Washington, D.C. – More than one-third of all medium and heavy duty commercial trucks registered in the United States – 2.9 million of 8.8 million trucks - are now equipped with newer technology clean diesel engines, according to new data compiled by IHS Automotive for the Diesel Technology Forum (DTF).

The new data includes total registration information on Class 3-8 trucks from 2007 through 2013 in all 50 states and the District of Columbia. Beginning in 2007, all heavy duty diesel trucks sold had to meet particulate emissions levels of no more than 0.01 grams per brake horse-power hour (g/HP-hr) - a level near zero.

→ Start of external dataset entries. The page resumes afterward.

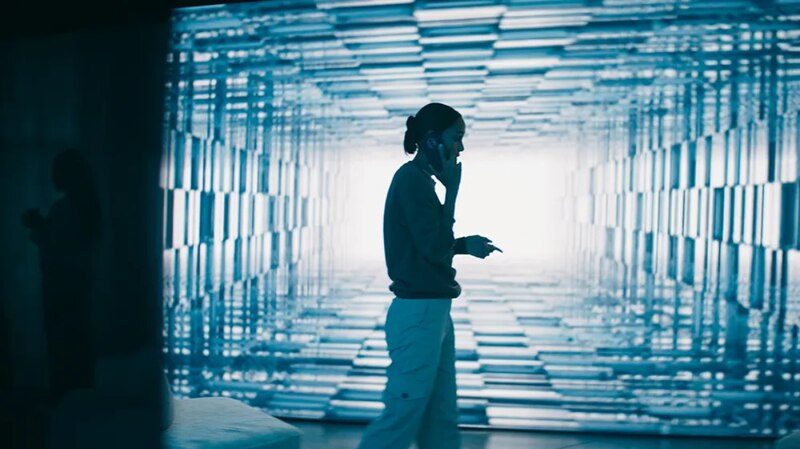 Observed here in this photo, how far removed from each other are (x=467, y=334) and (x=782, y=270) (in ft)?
5.80

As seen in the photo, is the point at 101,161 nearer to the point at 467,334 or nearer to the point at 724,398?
the point at 467,334

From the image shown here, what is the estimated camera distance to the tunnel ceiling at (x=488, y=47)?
137 inches

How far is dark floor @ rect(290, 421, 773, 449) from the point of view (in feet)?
10.5

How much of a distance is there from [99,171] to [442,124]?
1.62 metres

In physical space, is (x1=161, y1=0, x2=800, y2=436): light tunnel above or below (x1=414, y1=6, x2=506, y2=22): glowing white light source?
below

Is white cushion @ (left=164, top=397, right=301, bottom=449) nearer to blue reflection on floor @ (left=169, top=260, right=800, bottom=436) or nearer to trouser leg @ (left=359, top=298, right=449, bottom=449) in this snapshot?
trouser leg @ (left=359, top=298, right=449, bottom=449)

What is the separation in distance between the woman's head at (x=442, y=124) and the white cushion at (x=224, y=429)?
121cm

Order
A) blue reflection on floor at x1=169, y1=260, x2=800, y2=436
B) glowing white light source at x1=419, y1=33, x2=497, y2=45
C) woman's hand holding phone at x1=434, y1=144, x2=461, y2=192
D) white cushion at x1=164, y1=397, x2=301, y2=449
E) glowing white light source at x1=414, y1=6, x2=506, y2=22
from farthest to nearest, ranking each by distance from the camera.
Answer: glowing white light source at x1=419, y1=33, x2=497, y2=45, glowing white light source at x1=414, y1=6, x2=506, y2=22, blue reflection on floor at x1=169, y1=260, x2=800, y2=436, white cushion at x1=164, y1=397, x2=301, y2=449, woman's hand holding phone at x1=434, y1=144, x2=461, y2=192

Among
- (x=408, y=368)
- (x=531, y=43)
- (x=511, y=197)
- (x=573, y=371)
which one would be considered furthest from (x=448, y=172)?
(x=511, y=197)

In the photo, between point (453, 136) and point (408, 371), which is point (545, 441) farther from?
point (453, 136)

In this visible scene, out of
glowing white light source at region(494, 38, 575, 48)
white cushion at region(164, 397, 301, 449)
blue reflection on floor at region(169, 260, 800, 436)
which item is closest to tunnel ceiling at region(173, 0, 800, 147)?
glowing white light source at region(494, 38, 575, 48)

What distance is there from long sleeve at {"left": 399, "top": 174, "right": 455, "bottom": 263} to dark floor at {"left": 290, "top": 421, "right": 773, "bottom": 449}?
53.1 inches

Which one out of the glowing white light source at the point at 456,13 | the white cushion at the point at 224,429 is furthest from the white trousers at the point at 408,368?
the glowing white light source at the point at 456,13

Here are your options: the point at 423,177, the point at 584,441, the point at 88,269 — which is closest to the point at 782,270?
the point at 584,441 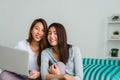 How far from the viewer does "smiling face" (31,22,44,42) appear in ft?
5.53

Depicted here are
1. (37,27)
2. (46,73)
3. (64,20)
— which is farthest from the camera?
(64,20)

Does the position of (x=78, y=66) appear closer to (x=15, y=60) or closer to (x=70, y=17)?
(x=15, y=60)

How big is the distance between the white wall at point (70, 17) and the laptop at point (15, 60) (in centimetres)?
156

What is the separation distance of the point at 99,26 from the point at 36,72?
1.41m

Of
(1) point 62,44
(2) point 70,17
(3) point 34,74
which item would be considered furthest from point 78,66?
(2) point 70,17

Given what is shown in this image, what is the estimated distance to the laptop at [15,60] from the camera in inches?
51.1

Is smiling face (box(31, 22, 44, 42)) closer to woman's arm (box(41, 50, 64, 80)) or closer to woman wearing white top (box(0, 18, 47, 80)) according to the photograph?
woman wearing white top (box(0, 18, 47, 80))

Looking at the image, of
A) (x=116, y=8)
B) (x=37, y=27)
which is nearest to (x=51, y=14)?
(x=116, y=8)

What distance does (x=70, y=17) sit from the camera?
9.37 ft

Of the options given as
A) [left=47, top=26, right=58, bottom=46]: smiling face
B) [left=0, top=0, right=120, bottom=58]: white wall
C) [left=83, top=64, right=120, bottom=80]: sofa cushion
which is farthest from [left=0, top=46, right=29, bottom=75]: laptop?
[left=0, top=0, right=120, bottom=58]: white wall

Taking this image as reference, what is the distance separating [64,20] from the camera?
9.41ft

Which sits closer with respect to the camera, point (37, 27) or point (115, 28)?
point (37, 27)

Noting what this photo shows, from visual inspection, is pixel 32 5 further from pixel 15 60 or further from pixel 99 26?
pixel 15 60

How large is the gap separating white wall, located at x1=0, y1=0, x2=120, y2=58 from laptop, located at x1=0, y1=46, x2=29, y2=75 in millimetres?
1558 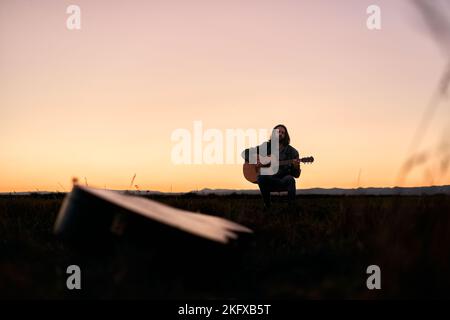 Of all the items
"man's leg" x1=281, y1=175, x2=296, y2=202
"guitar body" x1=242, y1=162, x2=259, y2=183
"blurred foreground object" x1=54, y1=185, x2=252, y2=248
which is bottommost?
"blurred foreground object" x1=54, y1=185, x2=252, y2=248

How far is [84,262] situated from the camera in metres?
3.68

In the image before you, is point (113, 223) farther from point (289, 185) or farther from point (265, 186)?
point (265, 186)

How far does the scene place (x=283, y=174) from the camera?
10.6m

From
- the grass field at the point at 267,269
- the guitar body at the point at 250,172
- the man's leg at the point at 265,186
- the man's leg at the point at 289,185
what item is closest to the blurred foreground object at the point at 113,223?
the grass field at the point at 267,269

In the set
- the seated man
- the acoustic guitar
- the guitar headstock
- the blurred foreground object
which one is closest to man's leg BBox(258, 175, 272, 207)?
the seated man

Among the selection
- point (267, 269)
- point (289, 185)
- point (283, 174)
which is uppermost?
point (283, 174)

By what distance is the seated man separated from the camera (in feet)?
33.7

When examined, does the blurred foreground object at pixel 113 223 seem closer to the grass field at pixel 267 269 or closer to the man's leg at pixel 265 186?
the grass field at pixel 267 269

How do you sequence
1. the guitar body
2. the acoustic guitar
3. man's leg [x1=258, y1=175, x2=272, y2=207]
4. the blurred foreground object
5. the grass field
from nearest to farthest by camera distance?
the grass field
the blurred foreground object
man's leg [x1=258, y1=175, x2=272, y2=207]
the acoustic guitar
the guitar body

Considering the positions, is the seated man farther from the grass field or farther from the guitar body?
the grass field

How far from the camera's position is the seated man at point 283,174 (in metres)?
10.3

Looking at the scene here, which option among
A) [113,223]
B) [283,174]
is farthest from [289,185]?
[113,223]

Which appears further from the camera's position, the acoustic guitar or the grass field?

"Because more than 95 percent of all heavy duty trucks are diesel-powered it is significant that more than one-third of these trucks are near zero emission vehicles," said Allen Schaeffer, the Executive Director of the Diesel Technology Forum. "Diesel trucks are literally the driving force behind goods movement in the U.S. and worldwide economies so the fact that the clean diesel fleet is increasing is good news for improved fuel efficiency and the environment. These new trucks are so clean that it now takes more than 60 of today's clean diesel trucks to equal the emissions from a single 1988 truck.

"Last year was the fifth consecutive year of increased penetration of the new clean diesel trucks in the fleet, reflecting the continuing confidence that American truckers have in the performance and fuel efficiency improvements of new technology diesel engines," Schaeffer said.

For more information about clean diesel trucks go to:


U.S. Clean Diesel Truck Growth by Year

2007 2008 2009 2010 2011 2012 2013
Percentage New Diesel Trucks 9.4% 13.9% 16.9% 20.1% 24.1% 28.6% 33.5%
Percentage Annual Increase -- +4.5% +3.0% +3.2% +4.0% +4.5% +4.9%
(Source: IHS Automotive, June 2014 for the Diesel Technology Forum)

2007 & Newer Diesel Truck Technology Are a True Environmental Success Story . . .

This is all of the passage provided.